Dataset extract
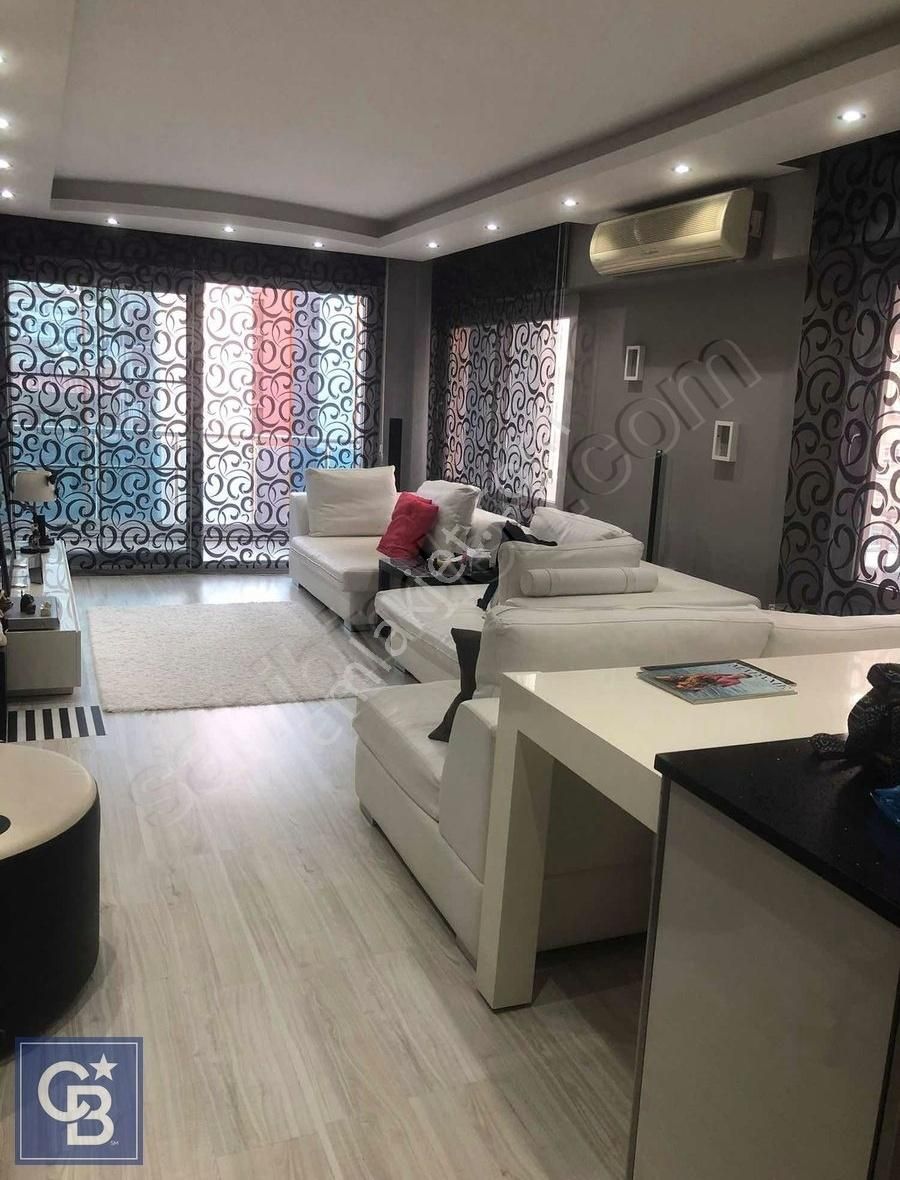 İnönü Caddesi Poligon Metro Çıkışında Full Yapılı 2+1 Daire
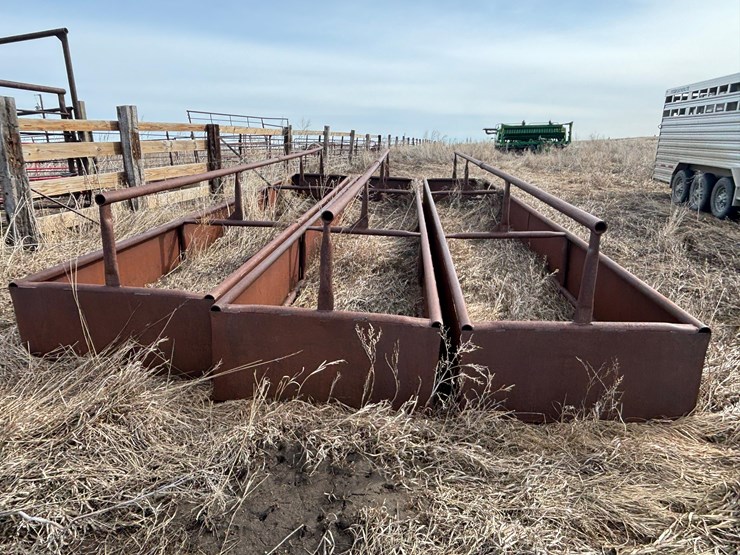 bottomless-feed-bunks-image-2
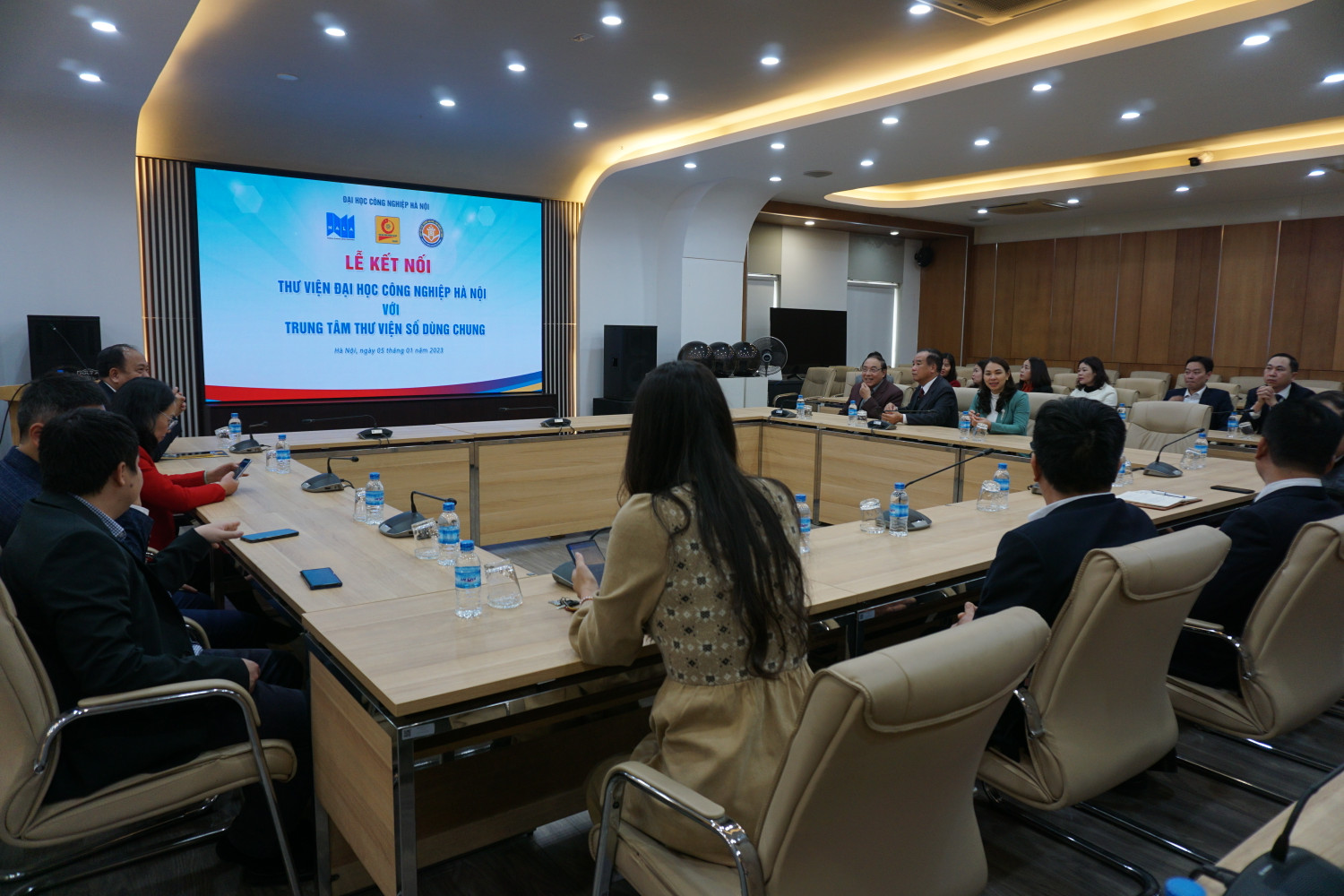 Trường Đại học Công nghiệp Hà Nội tổ chức Lễ kết nối Thư viện nhà trường với Trung tâm thư viện số dùng chung. (Ảnh: Phạm Minh).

Try it
Lines from the one that holds "bottomless-feed-bunks-image-2" through the final line of the material are to be duplicated exactly; no pictures belong in the copy.

Answer for this exercise
 bottomless-feed-bunks-image-2
 Trường Đại học Công nghiệp Hà Nội tổ chức Lễ kết nối Thư viện nhà trường với Trung tâm thư viện số dùng chung. (Ảnh: Phạm Minh).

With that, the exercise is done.